INSTRUCTIONS FOR THE TASK –
Retype word for word the stretch of entries below from the line that has "マリーンが軽量かつ頑強にしてエレガントに！──注目はブルー文字盤の" through the line that has "Serrure avant gauche RENAULT MEGANE 3", and omit the pictures.

··· INFORMATION SHOWN ···

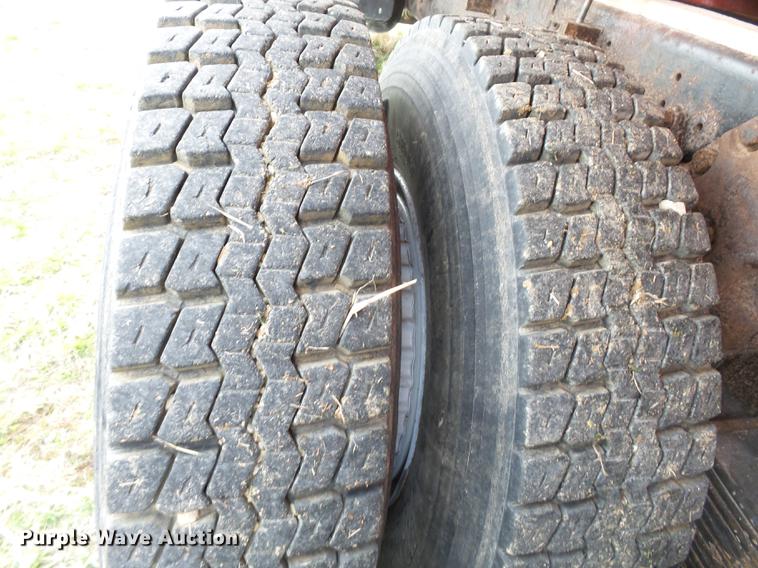 image for item DB7184 1978 Ford F9000 dry spreader applicator truck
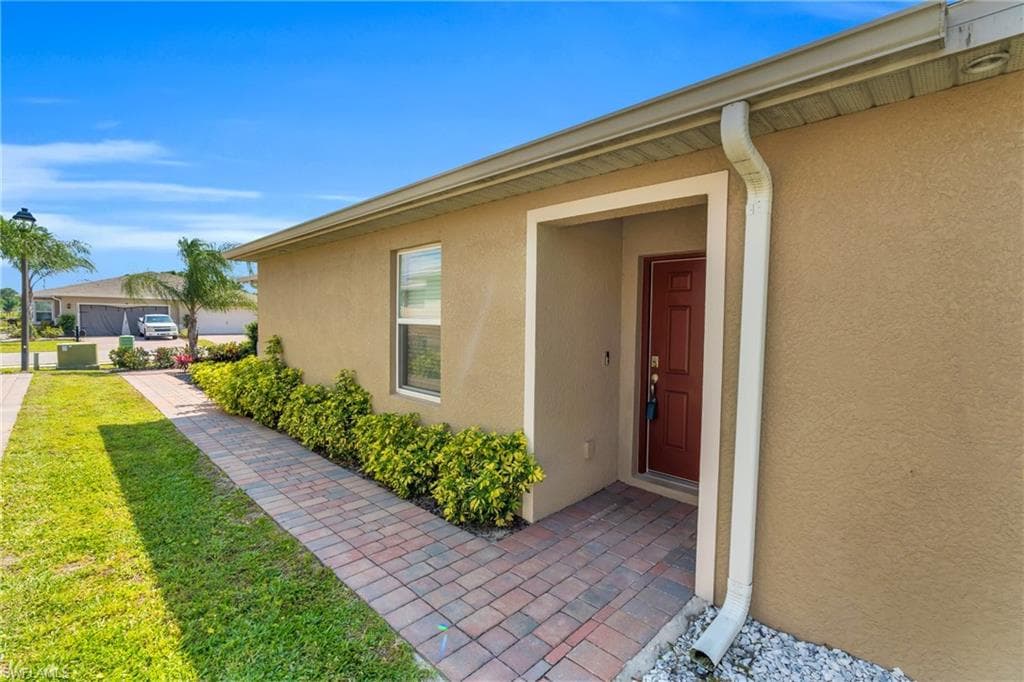 10761 Crossback LN LEHIGH ACRES, FL 33936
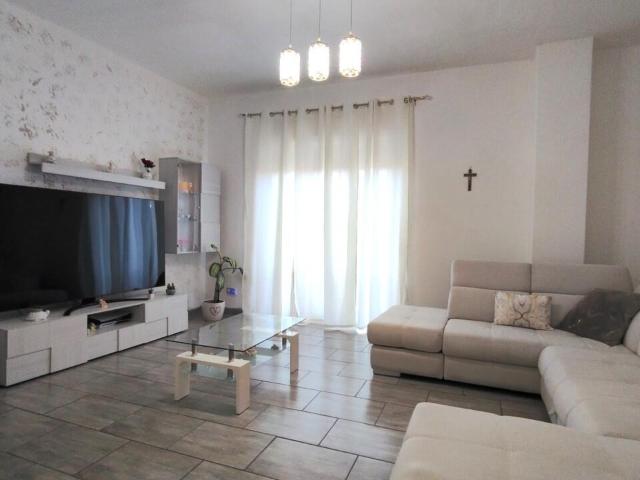 Via Serra Belvedere 9 quadrilocale 135mq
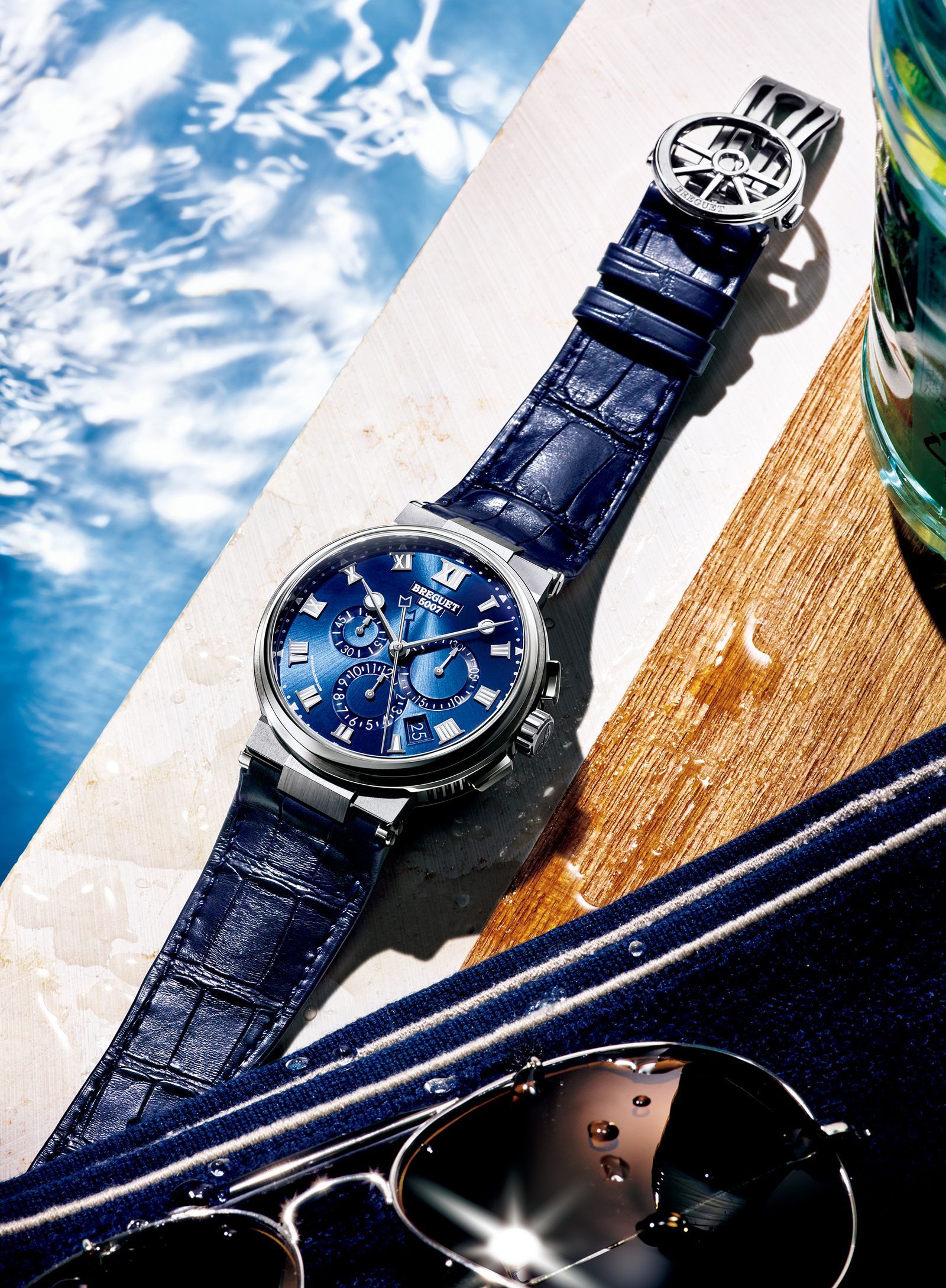 マリーンが軽量かつ頑強にしてエレガントに！──注目はブルー文字盤の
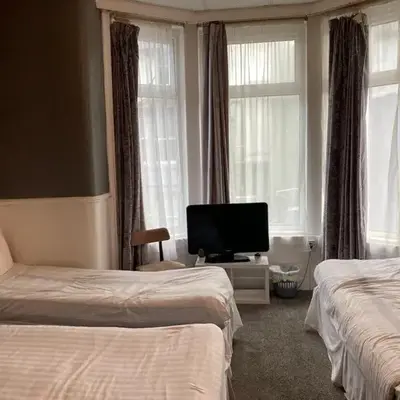 Iona Hotel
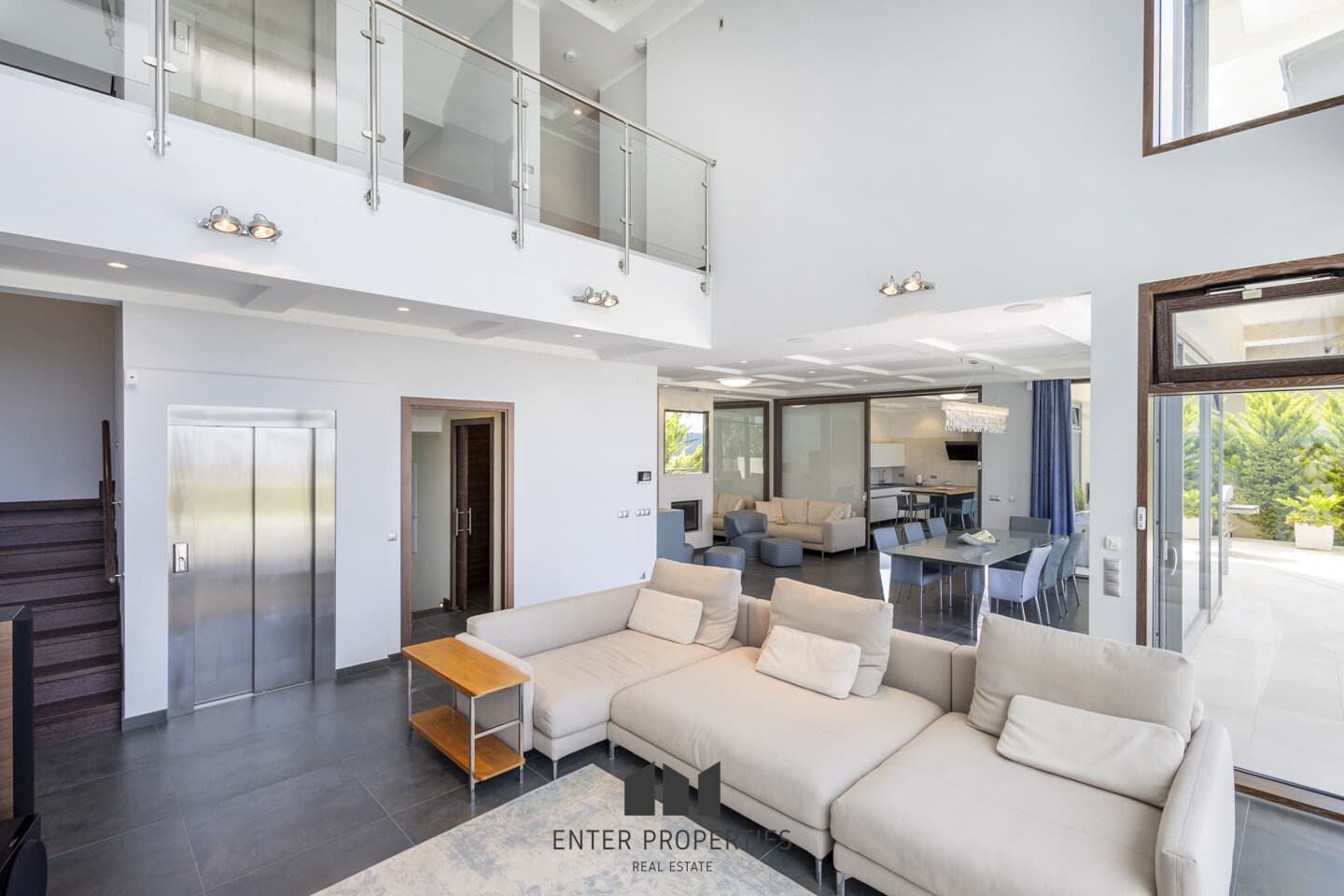 5 bedroom Villa for sale in Altea with pool - € 2,480,000 (Ref: 9127937)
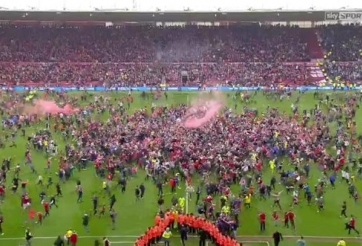 VIDEO: Khung cảnh khó tin khi Middlesbrough giành vé thăng hạng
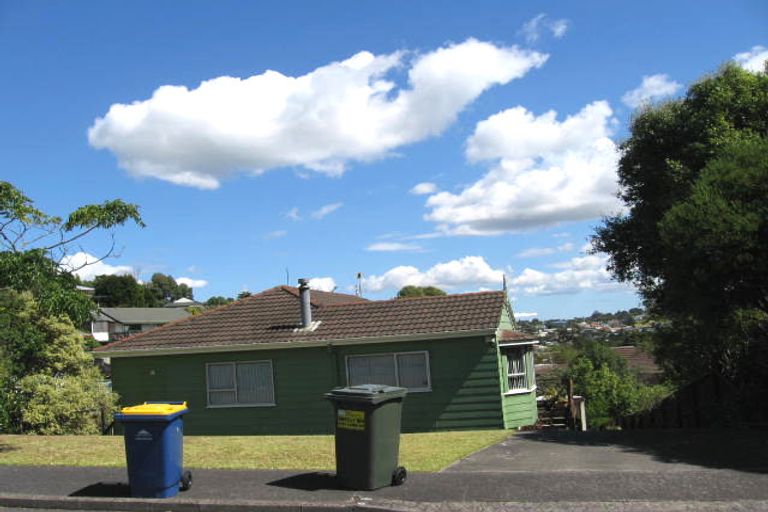 Photo of property in 5 Felicity Place, Unsworth Heights, Auckland, 0632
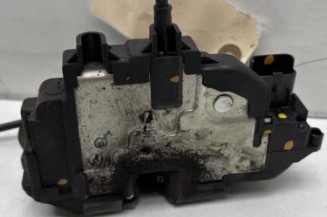 Serrure avant gauche RENAULT MEGANE 3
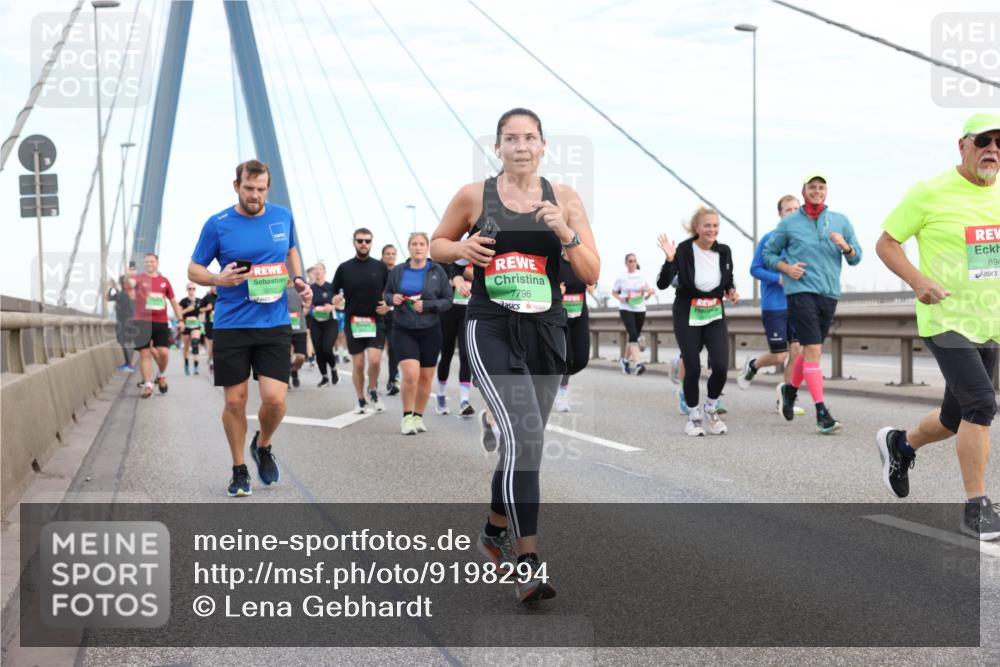 03.10.2025 - Köhlbrandbrückenlauf Lena Gebhardt http://msf.ph/oto/9198294 03.10.2025 15:34:08 Position 1 9252, 7796, 894 meine-sportfotos.de
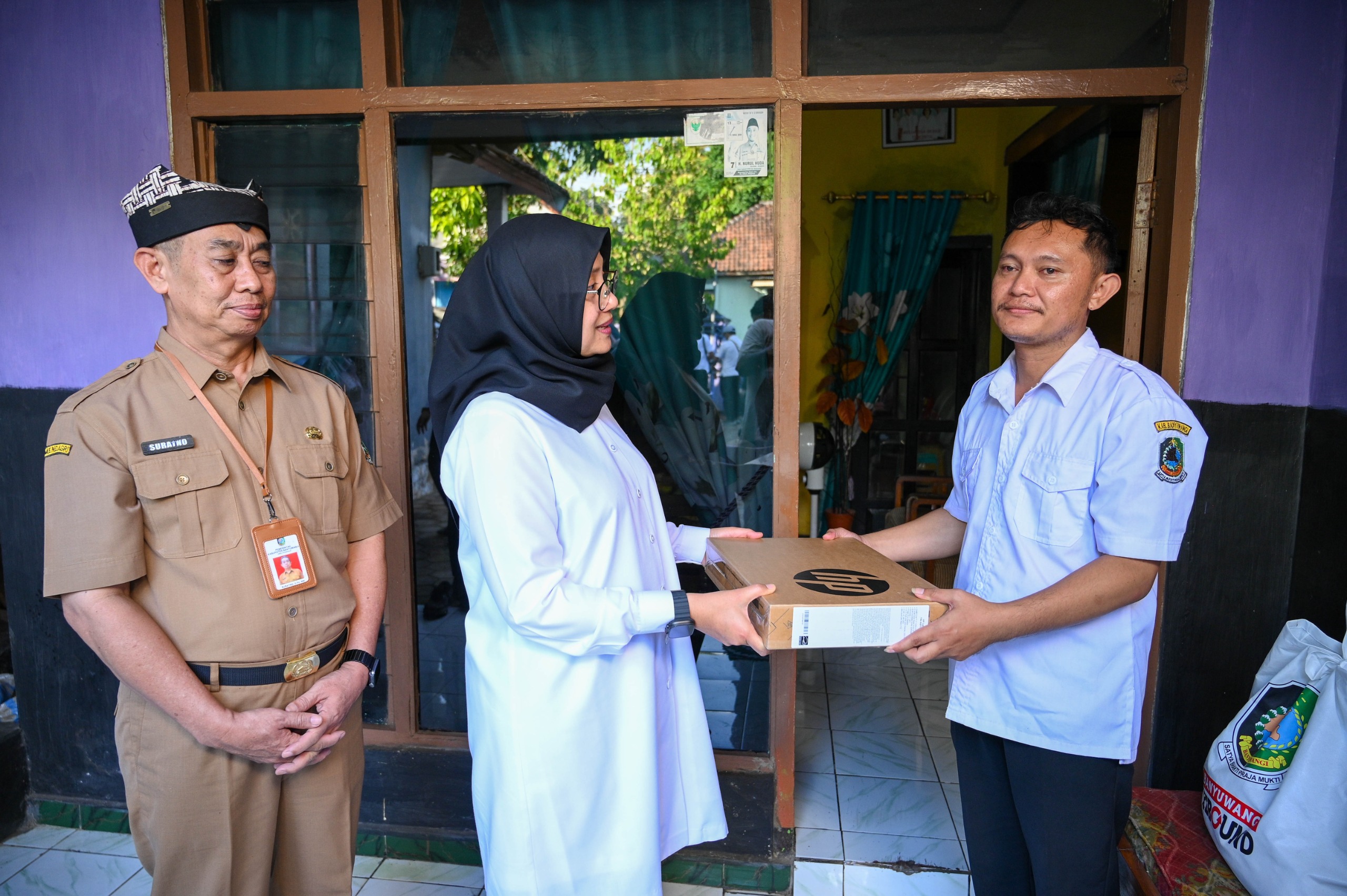 Banyuwangi luncurkan program Rindu Bulan, Garda Ampuh, SAS, dan bantuan siswa demi tekan angka putus sekolah dan pastikan hak pendidikan anak.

···

ANSWER FOR THIS EXERCISE –
 マリーンが軽量かつ頑強にしてエレガントに！──注目はブルー文字盤の
 Iona Hotel
 5 bedroom Villa for sale in Altea with pool - € 2,480,000 (Ref: 9127937)
 VIDEO: Khung cảnh khó tin khi Middlesbrough giành vé thăng hạng
 Photo of property in 5 Felicity Place, Unsworth Heights, Auckland, 0632
 Serrure avant gauche RENAULT MEGANE 3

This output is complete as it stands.